"Yes—I know. We are hard—when it's our lives are touched. Don't cry,
Katie." He spoke her name timidly and lingeringly. "Isn't that what life
is? Just one long thing of trying and failing? But going on trying again!
That's what you'll do."
"If you can find her for me! But I never can hold up my head again—never believe in myself—never do anything—why I never can laugh again—not really laugh—if you don't find her for me."
A curious look passed over his face with those last words. "Well if that's the case," he said, with a strange little laugh of his own, "I've got to find her."
They talked of things. He would go to the station. He would do what he could. If he thought anything to be gained by it he would go on to Chicago. He had to go in a few days anyhow, he explained, to see about some work, and if it didn't seem a mere wild goose chase he would go that night.
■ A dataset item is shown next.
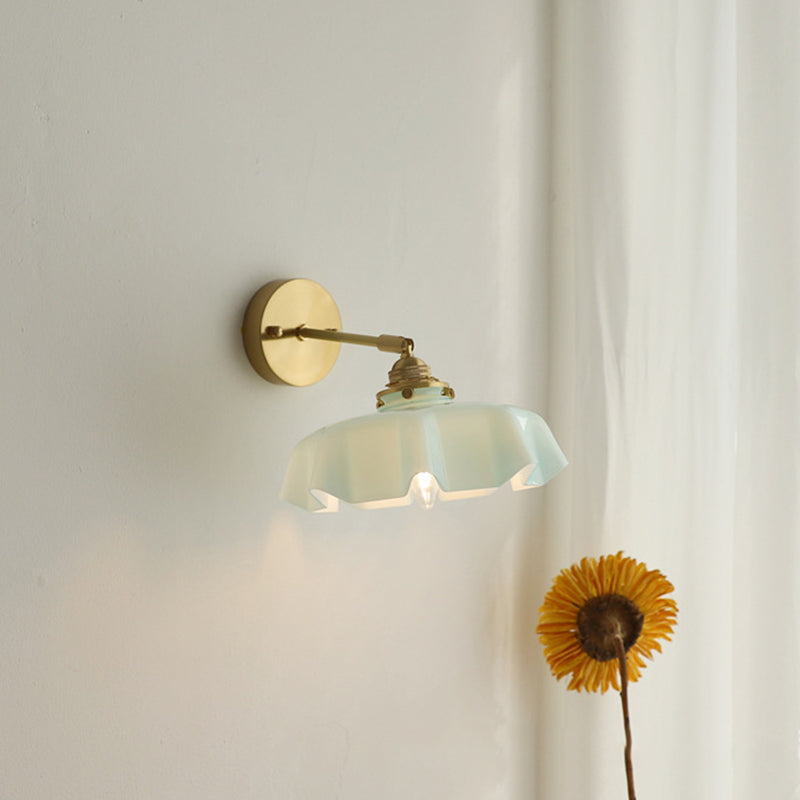 Traditional French Glass Brass Iron Pleated Hanging 1-Light Wall Sconce Lamp For Bedroom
The change in Katie, the life which came back to her eyes, rewarded him.
"I'd go with you to the station," she said, "only we're giving a big dinner to-night."
She thought his face darkened. "Oh yes, I know. But that's the kind of person I am. We go on with the dinner—no matter what's happening. It's—our way."
He seemed to be considering it as a curious phenomenon. "Yes, I know it is. And you can't help that either, can you? So you're going to be very festive in this house to-night?"
"Oh very festive in this house to-night. Some army people are here from Washington. We're going to have a gorgeous dinner, and I'm going to wear a gorgeous gown and drink champagne and try and smile myself into the good graces of a man who can do things for my brother and be—oh so clever and festive."
He looked at her as if by different route he had come again to that thing of pitying her; only along this other route the quality of the pity had changed and there was in it now a tender sadness. "It's not so simple a matter for you, is it—this 'being free'? You're of the bound, too, aren't you? And you've become conscious of your chains. There's all the hope and all the tragedy of it in that." He took an impulsive step toward her and smiled at her appealingly, a little mistily, as he said: "Only please don't tell me you're not going to laugh any more."